*YOUR INSTRUCTIONS*. Write out exactly, and only, the lines below from the line with "Volkswagen T-Roc 1.5" through the line with "Casa Dyala, Puerto del Carmen - Foto 37"; pictures do not belong in the copy.

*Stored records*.

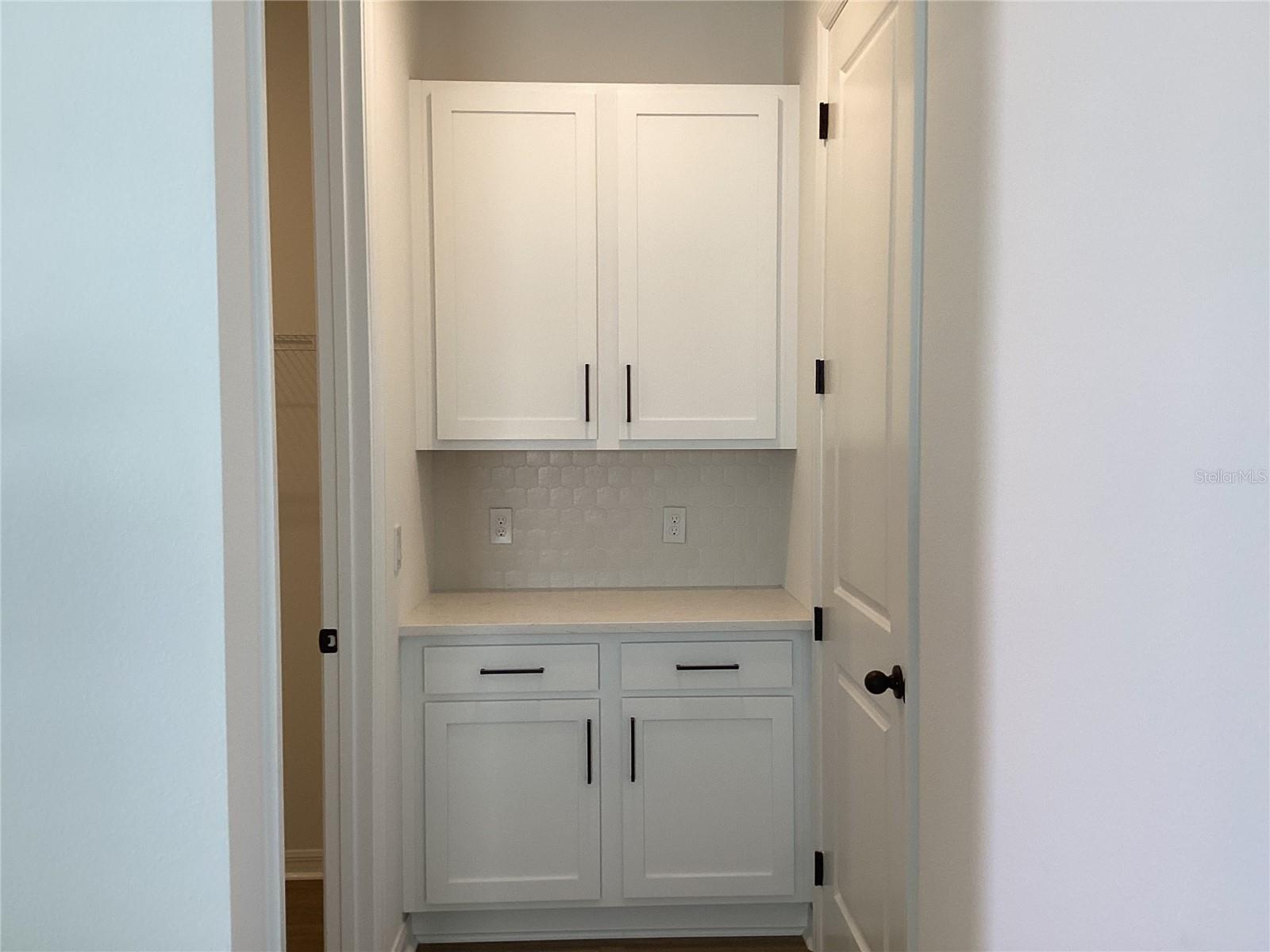 CATAMARAN COVE PHASE I & II - Residential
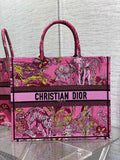 LTB - Luxe Touch Bags - 005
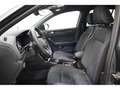 Volkswagen T-Roc 1.5 TSI R-Line "Black Style" DSG,Navi,M Grau - thumbnail 27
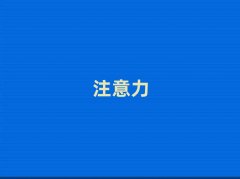 2025����h����ע����Ӗ���WУ�rλ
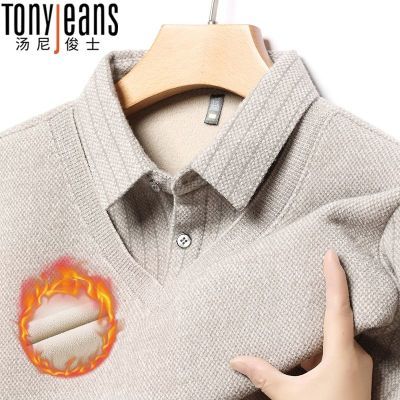 ���ڲ��������ῡʿ��ʿ���޼Ӻ�Polo��2025�ﶬ���¿��������г���T����װ 49Ԫ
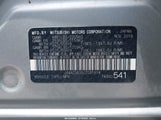 MITSUBISHI OUTLANDER ES 2.4 S-AWC/LE 2.4 S-AWC/SE 2.4 S-AWC/SEL 2.4 S-AWC/SP 2.4 S-AWC JA4AZ3A35LZ021814 снимка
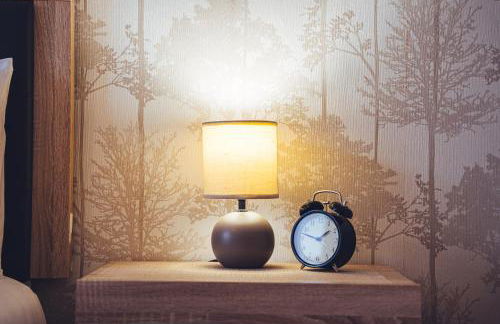 Casa Dyala, Puerto del Carmen - Foto 37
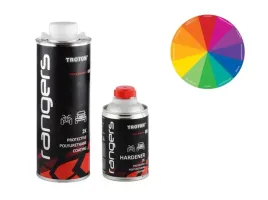 troton-rangers-2k-powloka-ochronna-poliuretanowa-3-1-do-barwieniaor-1-kg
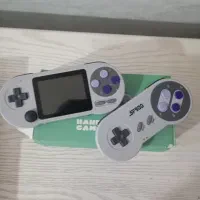 تعویض با نو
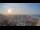 Webcam in Faro de Cullera, 31.8 mi away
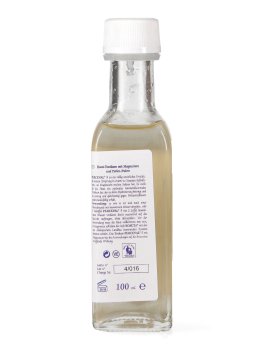 Perceval 5 - Tonico Cutaneo al Magnesio e Polvere di Perle - 3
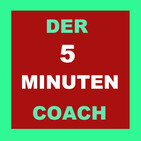 190 - Fremde Leute ansprechen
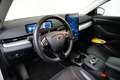 Ford Mustang Mach-E Extended RWD 98 kWh | Pano-dak | Elektrische stoel Weiß - thumbnail 7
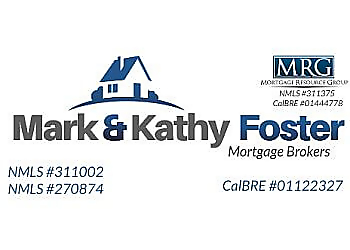 Santa Clarita Mortgage Companies Mortgage Resource Group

*EXERCISE OUTPUT*.
 Volkswagen T-Roc 1.5 TSI R-Line "Black Style" DSG,Navi,M Grau - thumbnail 27
 2025����h����ע����Ӗ���WУ�rλ
 ���ڲ��������ῡʿ��ʿ���޼Ӻ�Polo��2025�ﶬ���¿��������г���T����װ 49Ԫ
 MITSUBISHI OUTLANDER ES 2.4 S-AWC/LE 2.4 S-AWC/SE 2.4 S-AWC/SEL 2.4 S-AWC/SP 2.4 S-AWC JA4AZ3A35LZ021814 снимка
 Casa Dyala, Puerto del Carmen - Foto 37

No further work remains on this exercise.